(EXTRACTED DATA)

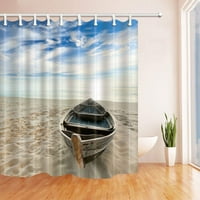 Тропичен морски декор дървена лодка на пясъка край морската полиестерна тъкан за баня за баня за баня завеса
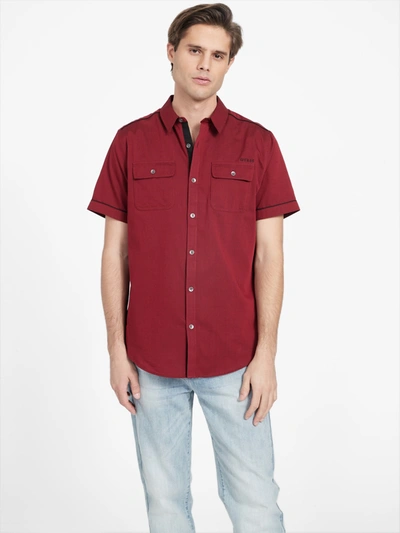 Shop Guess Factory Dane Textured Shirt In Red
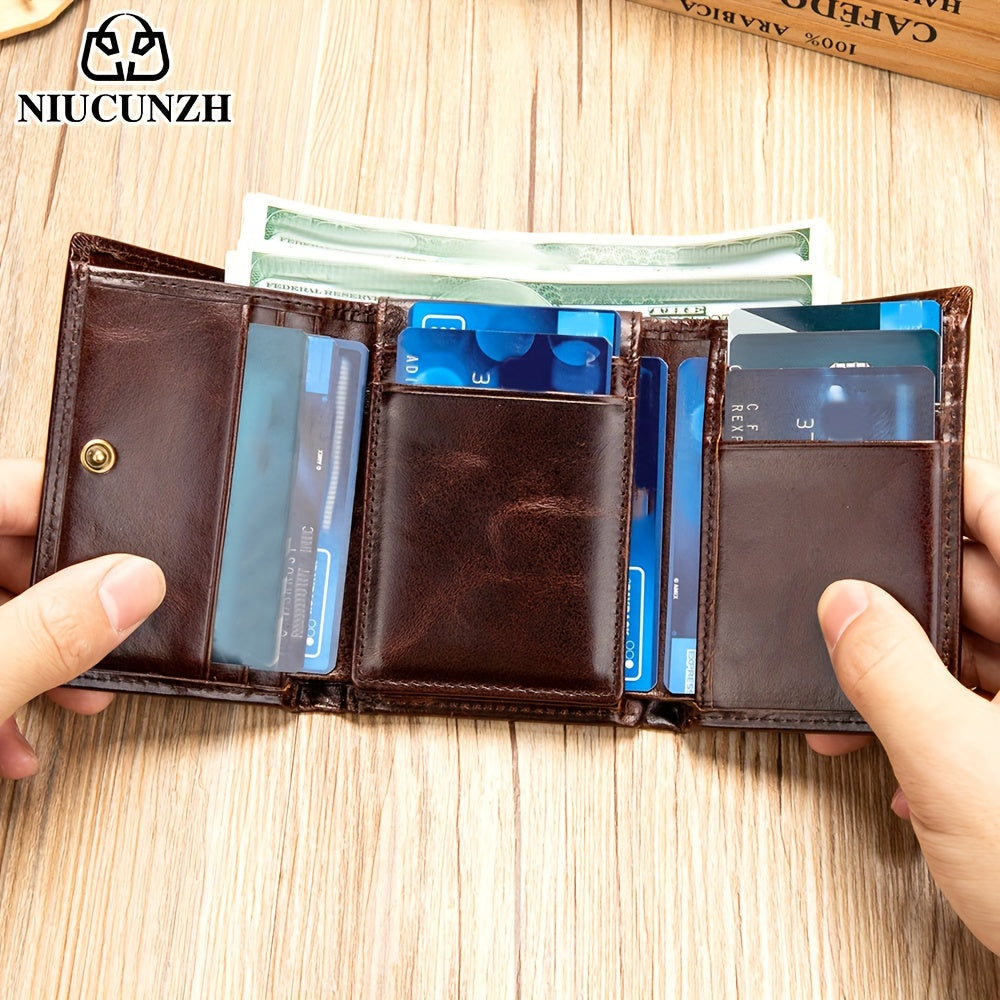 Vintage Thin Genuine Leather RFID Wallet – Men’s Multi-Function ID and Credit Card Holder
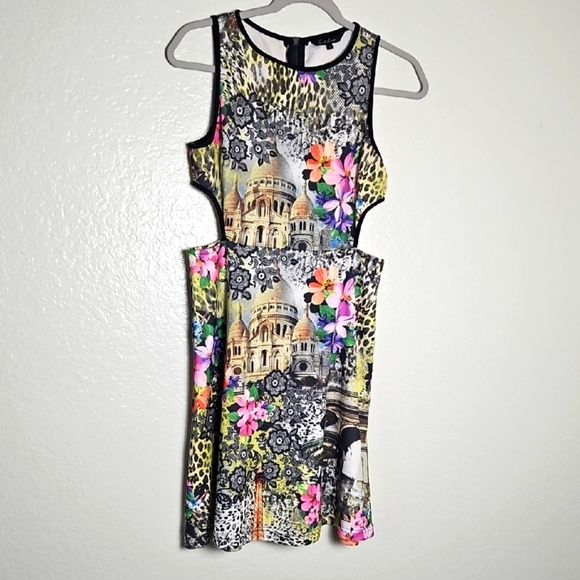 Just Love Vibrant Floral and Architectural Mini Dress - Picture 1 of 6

(End EXTRACTED DATA)
(EXTRACTED DATA)

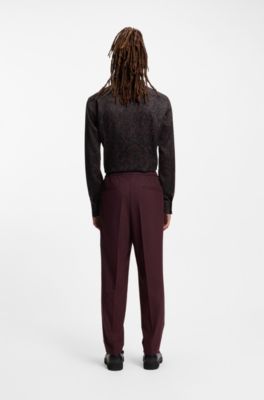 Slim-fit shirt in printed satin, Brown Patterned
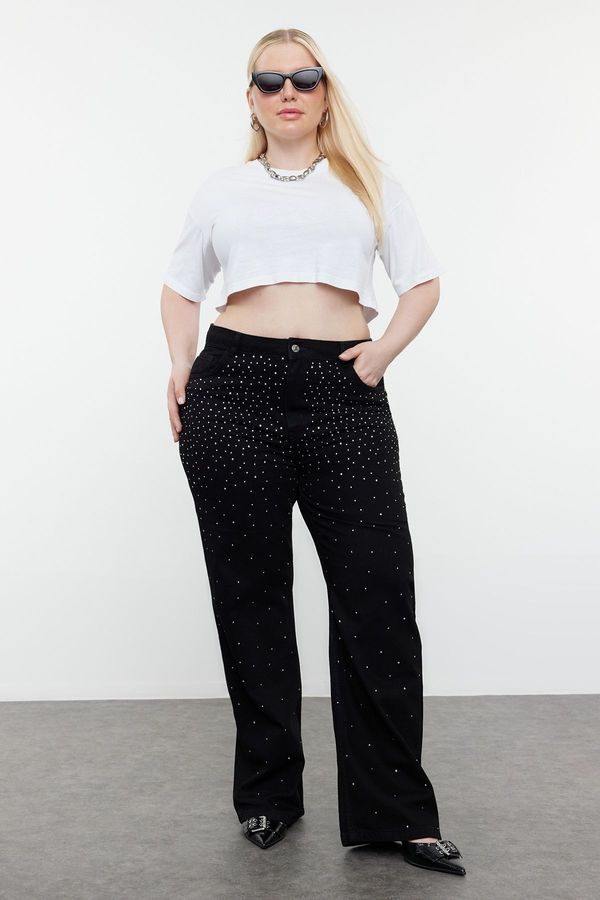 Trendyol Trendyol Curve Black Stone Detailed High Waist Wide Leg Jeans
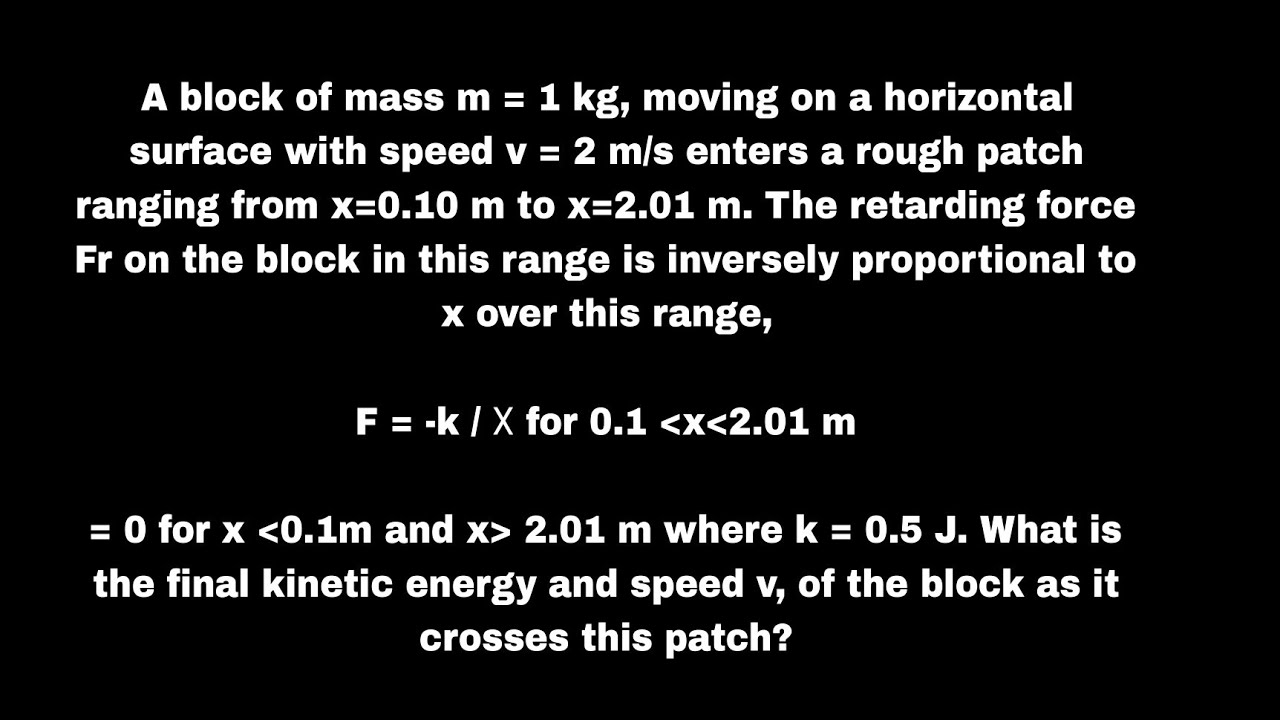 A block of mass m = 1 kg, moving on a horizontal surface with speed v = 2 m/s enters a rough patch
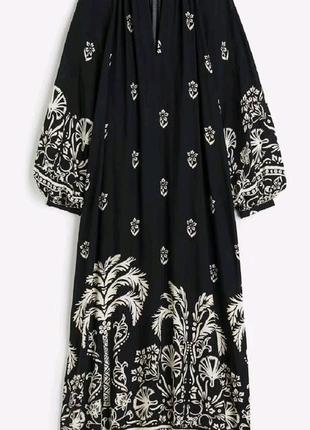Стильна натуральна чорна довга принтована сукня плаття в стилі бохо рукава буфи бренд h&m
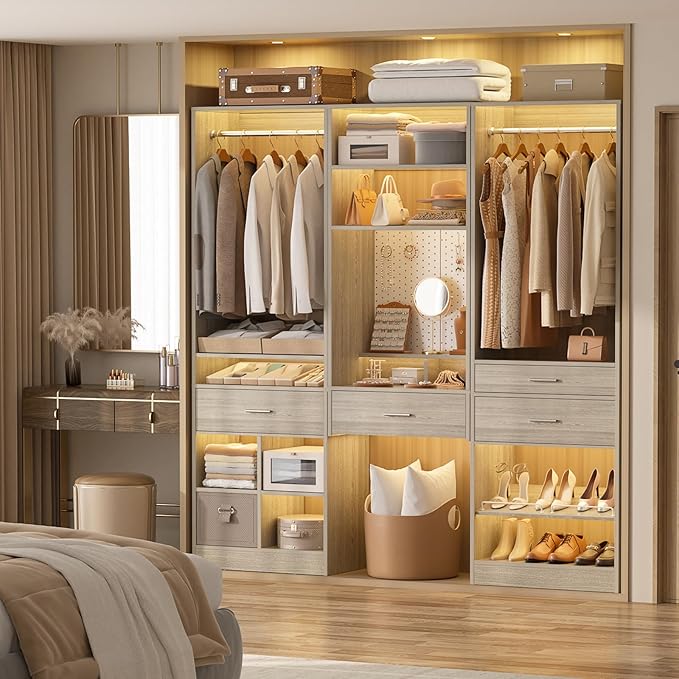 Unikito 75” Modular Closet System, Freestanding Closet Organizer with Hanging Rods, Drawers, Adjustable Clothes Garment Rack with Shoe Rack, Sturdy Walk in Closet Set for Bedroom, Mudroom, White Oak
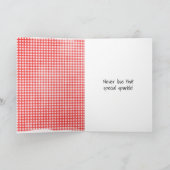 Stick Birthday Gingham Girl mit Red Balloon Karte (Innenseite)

(End EXTRACTED DATA)

→ ABOUT THIS EXERCISE: Range to copy from the listing above: the line containing "Slim-fit shirt in" down to the line containing "Стильна натуральна чорна", both included. Reproduce it exactly, minus the pictures, and add nothing.

→ ANSWER FOR THE TASK:
 Slim-fit shirt in printed satin, Brown Patterned
 Trendyol Trendyol Curve Black Stone Detailed High Waist Wide Leg Jeans
 A block of mass m = 1 kg, moving on a horizontal surface with speed v = 2 m/s enters a rough patch
Стильна натуральна чорна довга принтована сукня плаття в стилі бохо рукава буфи бренд h&m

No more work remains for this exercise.